History

Great Britain
- Name: HMS Enterprise
- Acquired: Captured from the Spanish in 1743
- Commissioned: 1743
- Fate: Sold in 1748

General characteristics
- Class & type: Ex-Barca-longa; Re-rated as a sloop;
- Propulsion: Sails
- Sail plan: sloop
- Complement: 60
- Armament: 8 guns

= HMS Enterprize (1743) =

Sloop of the Royal Navy

HMS Enterprize, also known as HMS Enterprise, was an 8-gun sloop of the Royal Navy.

Enterprize was a barca-longa captured from the Spanish in 1743 and re-rated as a sloop. She spent her entire career in the Mediterranean as a despatch vessel and tender, being commissioned in 1743 under Lieutenant Thomas Herring. She was present at the Battle of Toulon in 1744 and was then paid off in 1745.
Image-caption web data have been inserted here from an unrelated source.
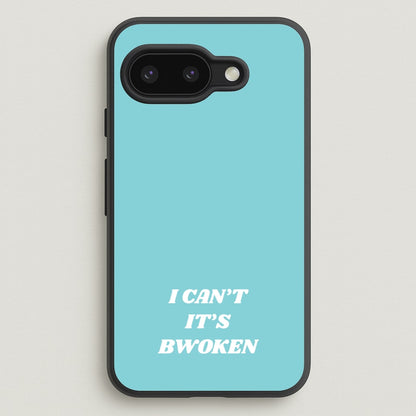 I Can't It's Bwoken  - F1 Phone Case for Google Pixel 9a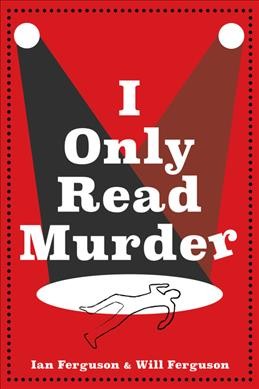 I only read murder / Ian Ferguson & Will Ferguson.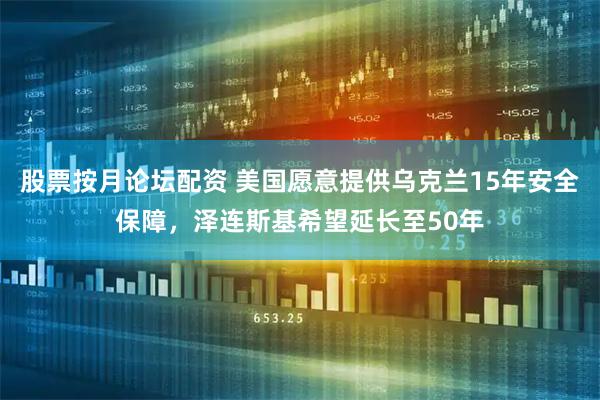 股票按月论坛配资 美国愿意提供乌克兰15年安全保障，泽连斯基希望延长至50年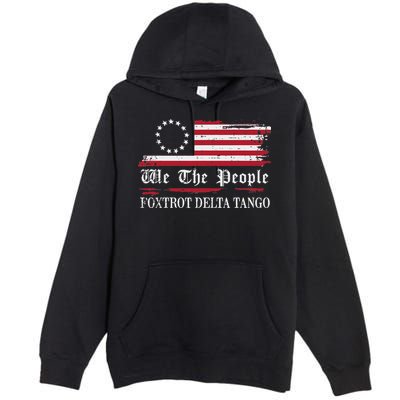 Foxtrot Delta Tango Flag We The People Resist Women Premium Pullover Hoodie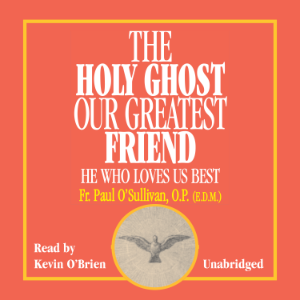The Holy Ghost Our Greatest Friend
She was recommissioned under Lieutenant William Cooper in August 1746, spending a further two years in service with the Navy until being put up for sale in at Port Mahon, Menorca in the summer of 1748. There was already an HMS Enterprize in service during her time with the Navy, a 40-gun fifth rate, which was sold off the year after her smaller counterpart, in 1749.